A Parliamentary select committee is considering a 25,000-signature petition calling for a total ban on the private use of fireworks.
The Fire Service's national advisor on risk management Todd O'Donoghue told the committee this morning that if it did not agree to a ban, there were other measures that could reduce the harms of fireworks.
He said fireworks were being used all year round, not just at Guy Fawkes, and Parliament could introduce restrictions on when they could be set off.
"Just like they're only for sale for three or four days, maybe it's only those three or four days and a week later so that people can celebrate the intent of the Guy Fawkes without storing them away and using them at all sorts of other times during the year."
Mr O'Donoghue also suggested a limit on the strength of fireworks. He said there was growing concern about manufacturers making more powerful fireworks, and about the huge heights they were reaching.

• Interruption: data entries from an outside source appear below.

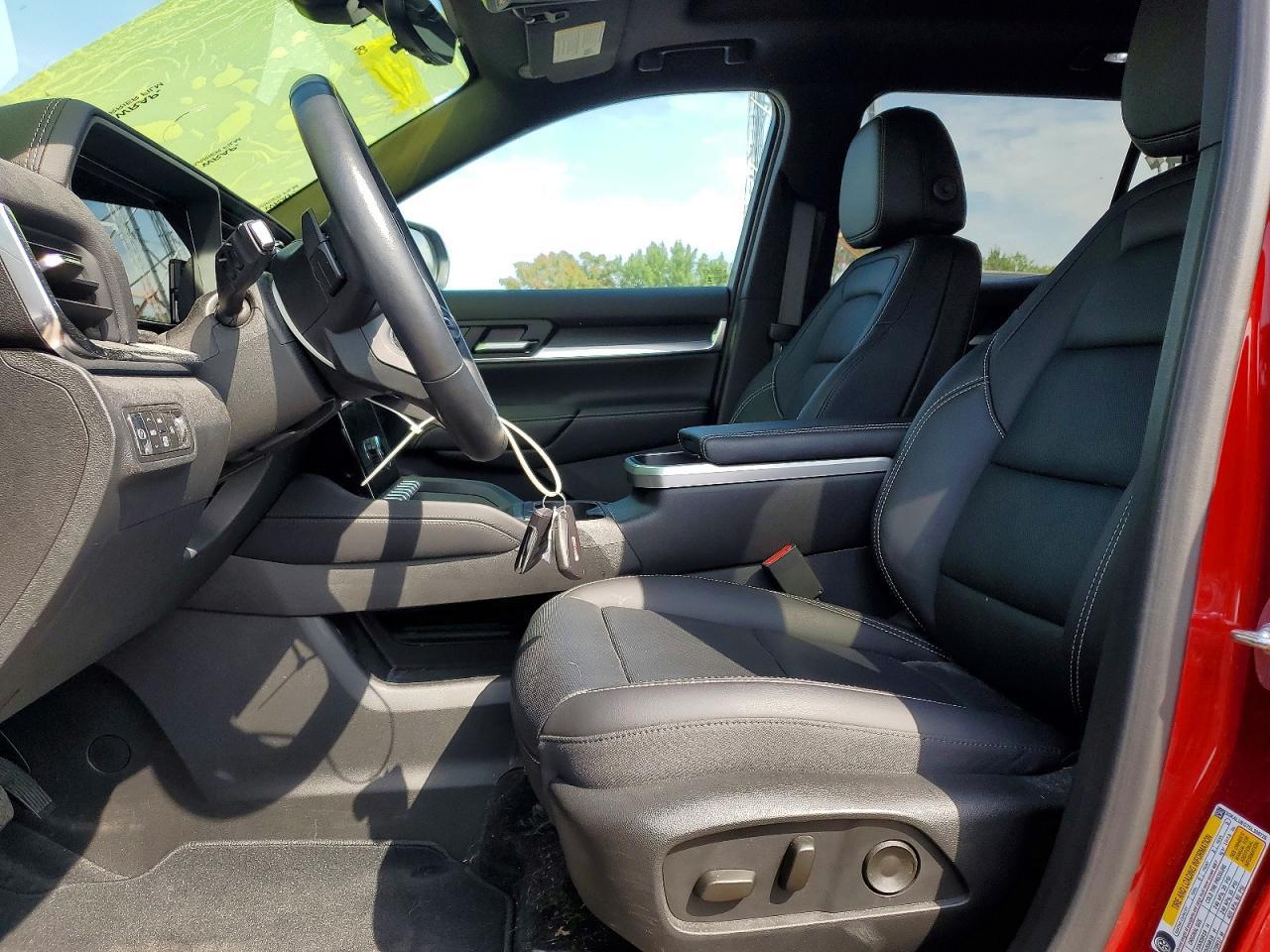 2025 GMC Terrain Elevation - Фото 7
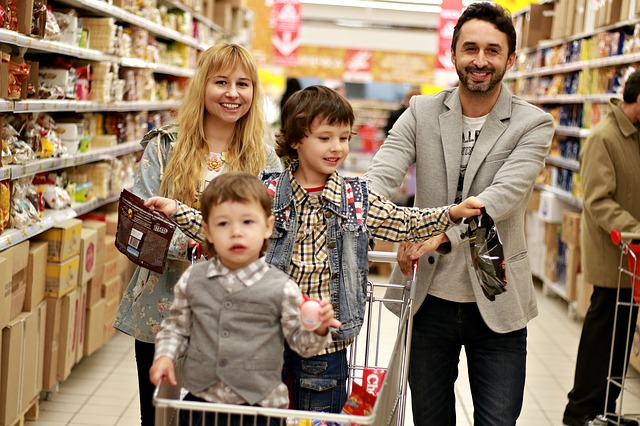 rodina na nákupu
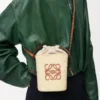 Quadratische Tasche aus Iraca-Palme und Kalbsleder Natur/Hellbraun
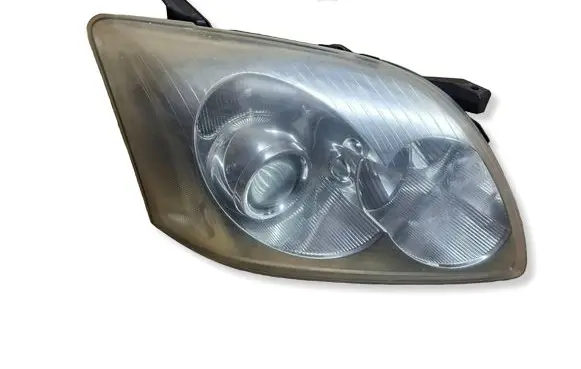 Toyota Avensis T250 Headlight/headlamp 0543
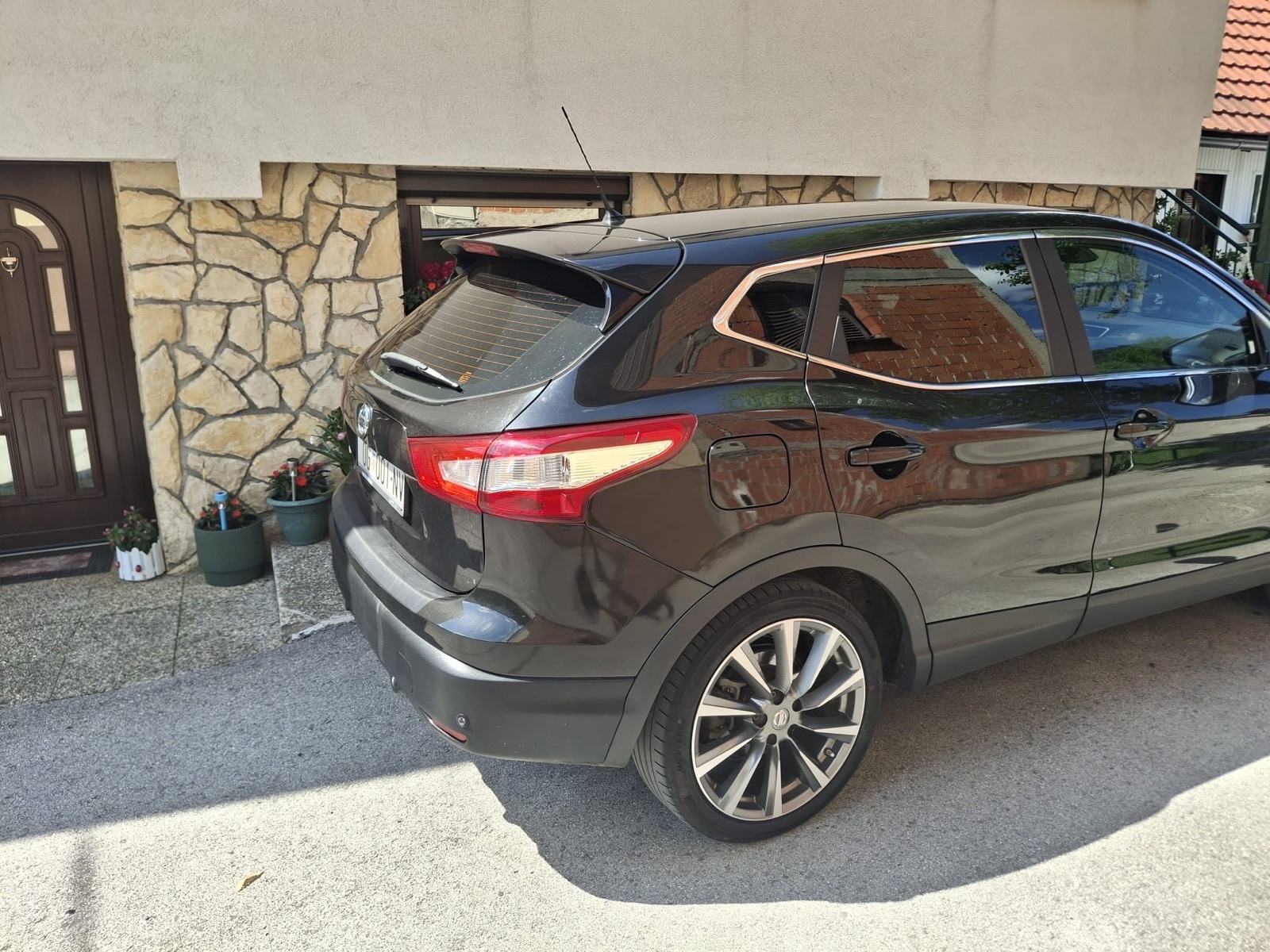 Nissan Qashqai 1,6 dCi / 4x4 / NAVI / XENON / ALU / PDC / REG 3-2027, fotografija 2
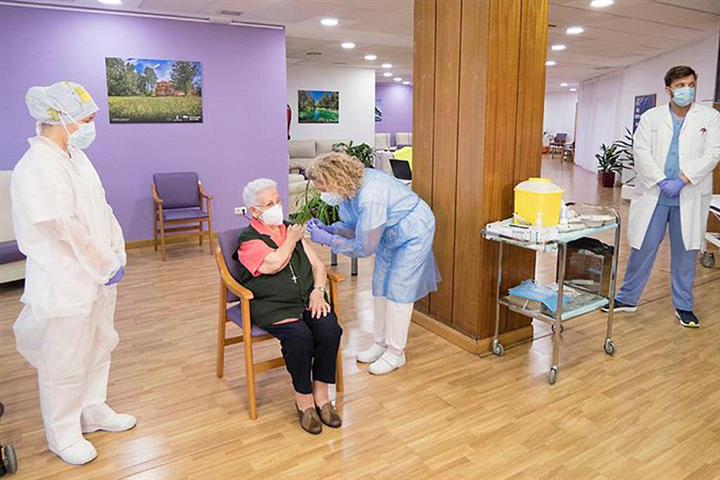 El 60% de la población española cuenta ya con la pauta completa de vacunación frente a la COVID-19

"I believe when skyrockets were ruled out in 2007, a lot of ground-based fireworks [began] firing things a lot higher.
"I think manufacturers have worked on the efficiency of what's in those items to create the visual spectacle that people are missing out on.
He said if fireworks were reaching greater heights then their debris was landing over a much larger circumference.
"Perhaps there could be a limitation even in the height which some ground-based fireworks can fire, and the temperatures that the debris which fall from them can reach."
Mr O'Donoghue said fireworks were misused by a minority of New Zealanders, and it was up to the community to decide whether the responsible majority should be penalised with a total ban.
"I guess my concern is that the minority of people who use them inappropriately are putting at risk the responsible people."
The Fire Service has lobbied for a total ban on fireworks since 2004.
In 2007, the purchase age for fireworks was raised and the period of time for buying them was reduced.
Mr O'Donoghue said between 2006 and 2014, there had been a 59 per cent decrease in fireworks-related incidents.
However, the number of structure fires caused by fireworks only fell by 40 per cent.
"For us, those are the cases where there is a much higher risk to the amount of property loss, the dollar value that this is costing, and also to the well-being of people when they're inside those structures."